Positivism is to be the subject of the present lecture. It is a doctrine which is closely related both in history and character to scepticism on the one hand, and to materialism on the other. It owes its existence to the partly concurrent and partly counteractive operation of these two theories. It is a link between them; a cross or hybrid in which their respective qualities are combined, although incapable of being truly harmonised.

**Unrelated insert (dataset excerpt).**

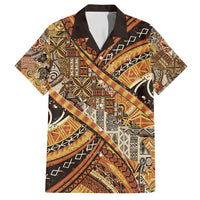 Hawaiian Style Tapa Family Matching Long Sleeve Bodycon Dress and Hawaiian Shirt Vintage Seamless Pattern - Polynesian Pride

The term positivism has been objected to both on philological and logical grounds, but any faults it may have are not of a seriously dangerous kind, and it is my wish to avoid all controversies merely or mainly verbal. It was not, perhaps, a term greatly needed, and it may not be the best which could have been devised; but now that it has been invented and so widely accepted and employed, it cannot be got rid of, and we must be content simply to guard against its being applied in ways calculated to create or foster prejudice. It was put in circulation by M. Auguste Comte, a man of remarkable intellectual power, but also of immoderate intellectual self-conceit and arrogance. He was born in 1798, and died in 1857. There is an able biography of him by M. Littre\ one of the most illustrious veterans of contemporary French science and literature; and there are a multitude of sketches of his life, executed with different degrees of care and skill. His voluminous writings have been translated into our language by a few of his English disciples with self-denying zeal, and in a manner which leaves nothing to be desired.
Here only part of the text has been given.